[THE PROBLEM]:
Begin at the line that has "Mersinde okuma salonları", stop after the line that has "Серый Мицубиси Аутлендер", and print exactly those lines from the records below, without any pictures.

[AVAILABLE DATA]:
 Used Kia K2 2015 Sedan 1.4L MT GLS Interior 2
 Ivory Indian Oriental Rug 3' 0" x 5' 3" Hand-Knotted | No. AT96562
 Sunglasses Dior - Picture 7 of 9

* * *

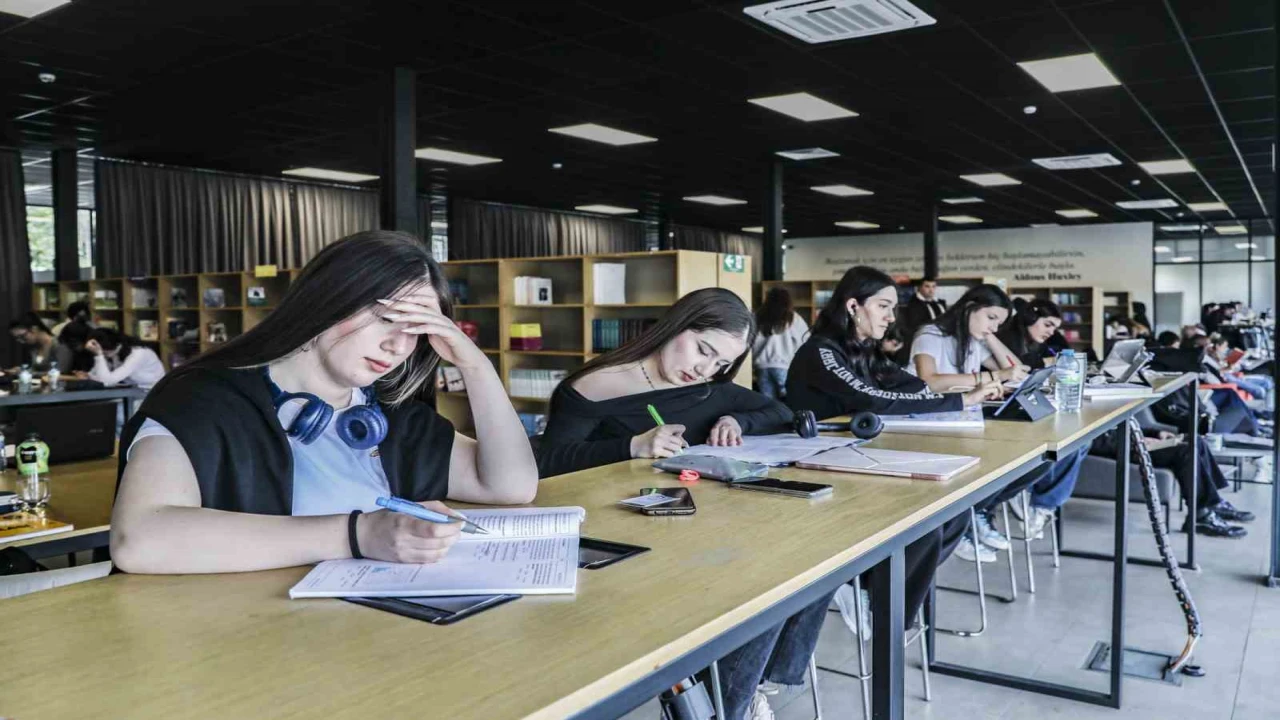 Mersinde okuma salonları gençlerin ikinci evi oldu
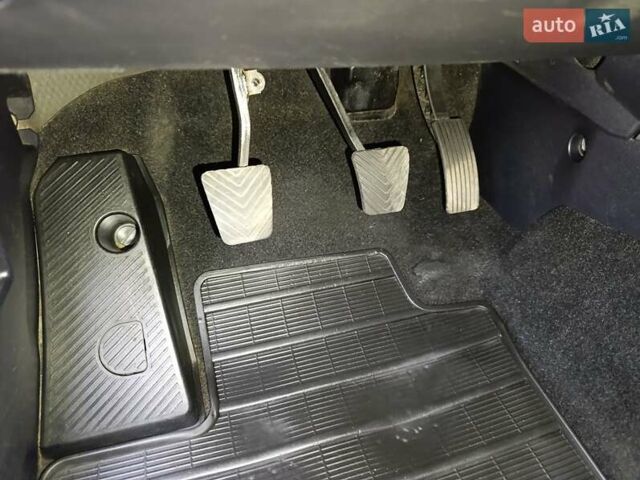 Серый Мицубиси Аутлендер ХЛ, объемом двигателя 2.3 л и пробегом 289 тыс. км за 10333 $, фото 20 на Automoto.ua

[SOLUTION TO THIS EXERCISE]:
 Mersinde okuma salonları gençlerin ikinci evi oldu
 Серый Мицубиси Аутлендер ХЛ, объемом двигателя 2.3 л и пробегом 289 тыс. км за 10333 $, фото 20 на Automoto.ua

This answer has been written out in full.